WHAT TO DO:
Please transcribe the data below exactly. Leave the pictures out.

AVAILABLE DATA:
=======
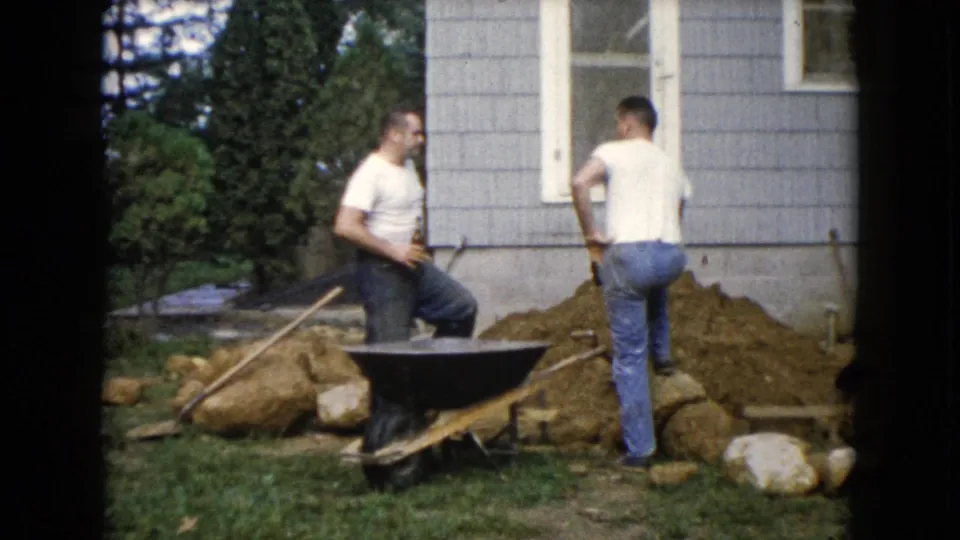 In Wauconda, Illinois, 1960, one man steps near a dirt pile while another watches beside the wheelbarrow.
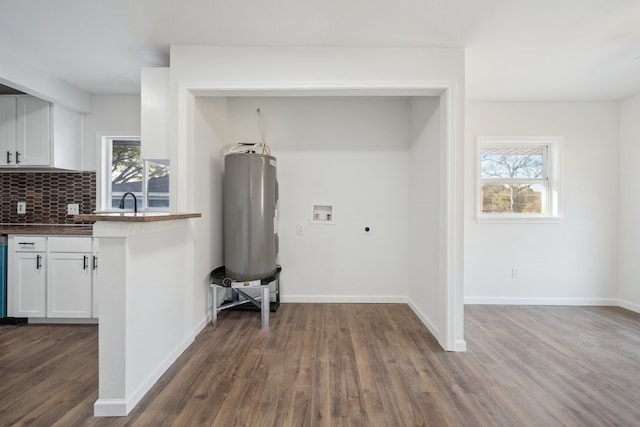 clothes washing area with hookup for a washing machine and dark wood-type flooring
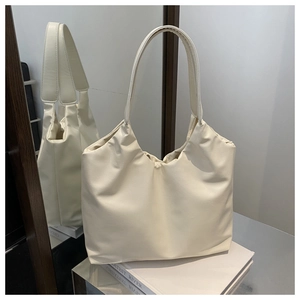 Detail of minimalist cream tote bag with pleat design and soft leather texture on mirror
=======
YOUR SOLUTION:
 In Wauconda, Illinois, 1960, one man steps near a dirt pile while another watches beside the wheelbarrow.
 clothes washing area with hookup for a washing machine and dark wood-type flooring
 Detail of minimalist cream tote bag with pleat design and soft leather texture on mirror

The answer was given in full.